C’est assez rare que le jeu vidéo essaie de représenter le territoire français […] Je pense qu’on a quelque chose à jouer, en tant que créateurs indépendants, à montrer cette France-là.
Cédric Babouche


Qu’avez-vous découvert en travaillant sur votre premier jeu ?

Cédric Babouche : En tant que réalisateur venant de contenus linéaires, à la télévision et au cinéma, j’ai plutôt l’habitude d’imposer mes histoires : une fois que les gens sont devant l’écran, ils sont passifs. Et finalement, c’est assez binaire, comme offre. Alors que dans le jeu vidéo, on a beau créer une histoire où l’on balise le chemin, vous pouvez être quasiment certain que le joueur va aller ailleurs. Et en matière d’écriture, c’est assez surprenant. Ça nous impose de penser quelles pourraient être les potentielles réactions de ceux qui tiennent la manette, et de revoir l’écriture en fonction. L’améliorer, la changer… Parfois même couper des passages entiers parce que la masse de travail peut vite devenir titanesque. On ne s’interdit absolument pas de le faire sur nos prochains projets, mais celui-ci étant le premier, il a fallu qu’on apprenne. Il faut rester humble par rapport à certaines choses. On voulait évidemment faire plus gros et mieux sur beaucoup de points, mais on reste extrêmement contents de ce qu’on a fait.

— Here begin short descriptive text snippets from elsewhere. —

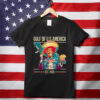 Retro Gulf Of USA America Mexico Funny Trump Mexico Taco T-Shirt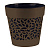 Кашпо "Блоссом" 3,5л Трюфель/Чёрный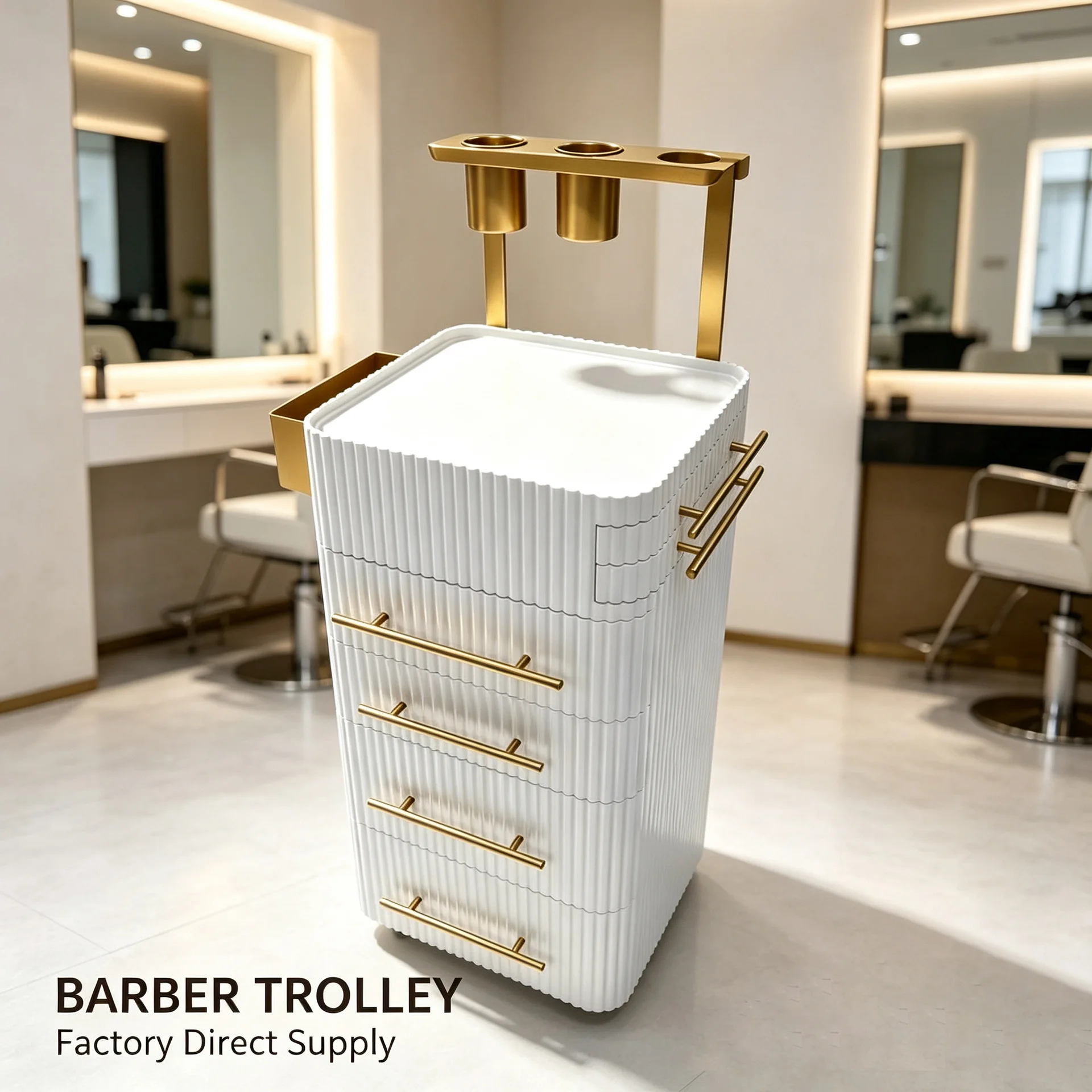 Hair Tool Cart Removable Barber Shop Tool Cabinet Hair Salon Hair Cutting Perm And Dyeing Storage Rack Beauty Trolley
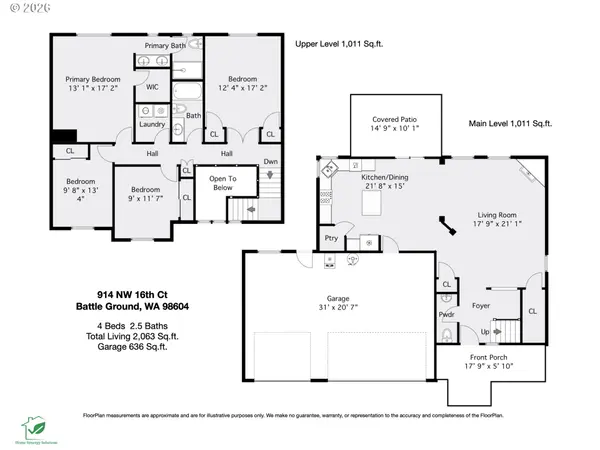 Battle Ground, WA 98604,914 NW 16TH CT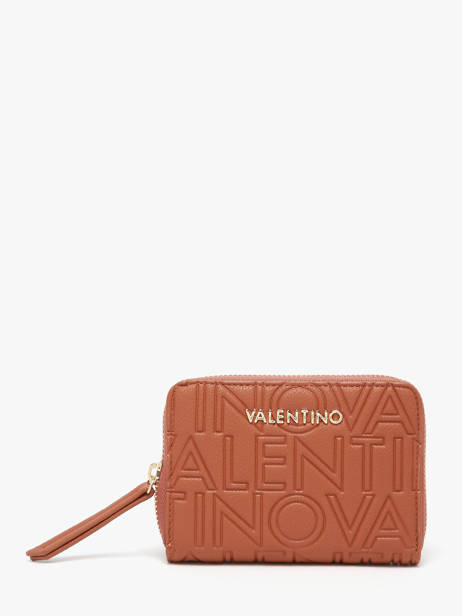 Coin Purse Valentino Brown pansy VPS8PG37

Aymeric Castaing : Je dirais que le monde du jeu vidéo est éminemment sympathique. Ce milieu est rempli de gens passionnés, c’est l’effervescence et il y a beaucoup d’opportunités. Les mastodontes ne s’approprient pas tout l’espace et laissent de la place aux plus petits. Et on a beau être signés par un mastodonte comme Focus Entertainment, on est entièrement libres sur le contenu.

Notre prochain projet sera à la fois un jeu vidéo et un long métrage d’animation – ou du moins un métrage d’une durée longue. Nous avons développé une technique qui nous permet notamment de cumuler les étapes de préproduction, communes au jeu et au contenu linéaire.
Aymeric Castaing

Cédric Babouche : On nous fait des suggestions, mais il n’y a pas de conflits, uniquement des échanges en bonne intelligence.

Vous pariez aussi sur le transmédia. Pourrait-on imaginer que Dordogne soit accompagné par un film d’animation, par exemple ?

Aymeric Castaing : Totalement ! En fait, nous sommes déjà en train de travailler sur un court métrage qui s’appelle Les Ricochets. Le scénario se déroule avant l’histoire de Dordogne, et l’on apprend comment la grand-mère est venue s’installer dans la région. Notre prochain projet sera à la fois un jeu vidéo et un long métrage d’animation – ou du moins un métrage d’une durée longue. Nous avons développé une technique qui nous permet notamment de cumuler les étapes de préproduction, qui sont communes au jeu et au contenu linéaire. 

Le gain de temps doit être énorme…

Aymeric Castaing : Exactement. Et à qualité égale, bien entendu. Nous sommes déjà sélectionnés au Cartoon Movie de Bordeaux cette année pour présenter le long métrage. La phase d’écriture est en cours et nous faisons donc un développement réellement transmédia : littéraire, graphique et gameplay. Une grande histoire, dont on prend des chapitres et que l’on traite sur des plateformes qui leur correspondent le mieux. Une partie sera ainsi un jeu, l’autre un format long d’animation et le reste une bande dessinée. Nous sommes en fin de négociation avec un éditeur important de BD pour signer trois projets en même temps : Dordogne, son successeur, et un autre œuvre en réalité virtuelle.

Dordogne est attendu pour l’été 2023. Le jeu a bénéficié du soutien du CNC.